Member Highlight – Q&A with Margret Asmuss

The ASPA Communications committee is releasing Member Highlights each month to show the diverse roles that ASPA members play here at the University of Saskatchewan. We had the opportunity to sit down with the University’s Sustainability Coordinator, Margret Asmuss, to get to know more about her and her role here on campus. Margret is a great example of the great diversity within ASPA.

When did you start working at the U of S?  What made you decide to work here?

“I started working here 12 years ago in July of 2004.  I came to the university specifically for my current position as Sustainability Coordinator.  I had been working

MA-2015
Margret Asmuss

for over 10 years in the area of sustainability mostly in the NGO sector, but also as a self-employed consultant, and when I saw the job posting for sustainability coordinator position, I had to apply.  It was a way of taking the work that I had been doing to the next level.  I felt it also allowed me the opportunity to make a positive contribution to an institution that has figured prominently throughout my life.  I grew up in Sutherland in the era where the university was really the only neighbouring development and the neighbourhood was surrounded by the university campus and lands.  I also did both my degrees at the U of S.”

What is your current role in your position?  Is it different from where you started at the university?

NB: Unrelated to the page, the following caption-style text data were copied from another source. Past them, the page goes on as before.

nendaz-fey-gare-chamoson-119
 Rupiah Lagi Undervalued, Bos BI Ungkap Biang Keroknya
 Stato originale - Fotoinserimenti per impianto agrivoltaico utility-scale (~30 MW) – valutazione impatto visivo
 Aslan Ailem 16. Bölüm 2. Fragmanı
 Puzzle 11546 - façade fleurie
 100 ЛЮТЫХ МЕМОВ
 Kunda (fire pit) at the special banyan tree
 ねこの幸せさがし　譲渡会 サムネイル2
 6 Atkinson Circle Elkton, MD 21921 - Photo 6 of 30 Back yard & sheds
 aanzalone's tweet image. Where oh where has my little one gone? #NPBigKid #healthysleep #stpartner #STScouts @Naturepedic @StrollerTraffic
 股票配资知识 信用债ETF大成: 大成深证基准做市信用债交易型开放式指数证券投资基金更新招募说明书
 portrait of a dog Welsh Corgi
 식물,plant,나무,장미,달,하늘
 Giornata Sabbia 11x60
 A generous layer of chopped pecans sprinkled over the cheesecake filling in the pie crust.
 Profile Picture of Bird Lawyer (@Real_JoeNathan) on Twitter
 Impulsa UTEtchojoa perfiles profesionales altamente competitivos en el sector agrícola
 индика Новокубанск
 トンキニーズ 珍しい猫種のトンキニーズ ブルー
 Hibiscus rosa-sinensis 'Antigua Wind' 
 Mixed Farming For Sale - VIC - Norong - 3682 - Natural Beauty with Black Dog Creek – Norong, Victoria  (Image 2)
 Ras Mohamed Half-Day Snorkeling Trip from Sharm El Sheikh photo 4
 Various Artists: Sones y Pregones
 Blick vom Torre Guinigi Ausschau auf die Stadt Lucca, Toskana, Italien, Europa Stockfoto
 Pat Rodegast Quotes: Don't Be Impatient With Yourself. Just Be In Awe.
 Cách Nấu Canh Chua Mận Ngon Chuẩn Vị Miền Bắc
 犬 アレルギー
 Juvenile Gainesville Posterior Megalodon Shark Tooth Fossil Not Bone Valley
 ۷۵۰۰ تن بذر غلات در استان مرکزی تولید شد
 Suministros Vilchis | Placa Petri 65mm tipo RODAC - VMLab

“Twelve years later, I am still in the same position – Sustainability Coordinator – but the position has changed a lot.  When I came here in 2004, I was the only person officially tasked with improving the university’s sustainability and my work was limited to facilitating operational changes and engaging the campus community.  During those first years, I really had to focus on some of the easier wins, like moving the campus from a disorganized hodge-podge of 12 different recycling initiatives to a cohesive campus-wide program.  Today, I work with a team of five and we facilitate improving the university’s sustainability performance across all areas of campus life: education, research, community engagement, governance and operations (including waste, energy, greenhouse gas emissions and water).  It is a huge job and we still have a long way to go, but in collaboration with units from all over campus we show slow but steady progress.”

What are some of the past highlights of your career?

“One of the highlights of my career was when the concept of sustainability made it into the Second Integrated Plan because that was the beginning of a whole new conversation on campus about the university’s role in moving towards a more sustainable world.  This happened because many faculty, staff and students wanted it to happen and they made their voice heard.  I was really proud of my campus community. What I enjoy most about my work is working with students.  Our office works with student groups, students do projects for us in project-based courses and we hire student interns on a regular basis.”

“Working with students is what fuels my optimism for the future.  Since it is their future we are working toward, they seem to get sustainability much more than people my age.  They are engaged and interested in finding solutions to our sustainability challenges.”

 

What do you see as ASPA’s role on campus?

“I think ASPA supports a group of employees that is critical to creating the wonderful campus community that we have.  My CUPE colleagues keep the physical infrastructure running and Faculty ensure the integrity of Academic mandate of the university.  The way I see it, the programs and services that ASPA members provide are sort of like the glue that bind it all together.”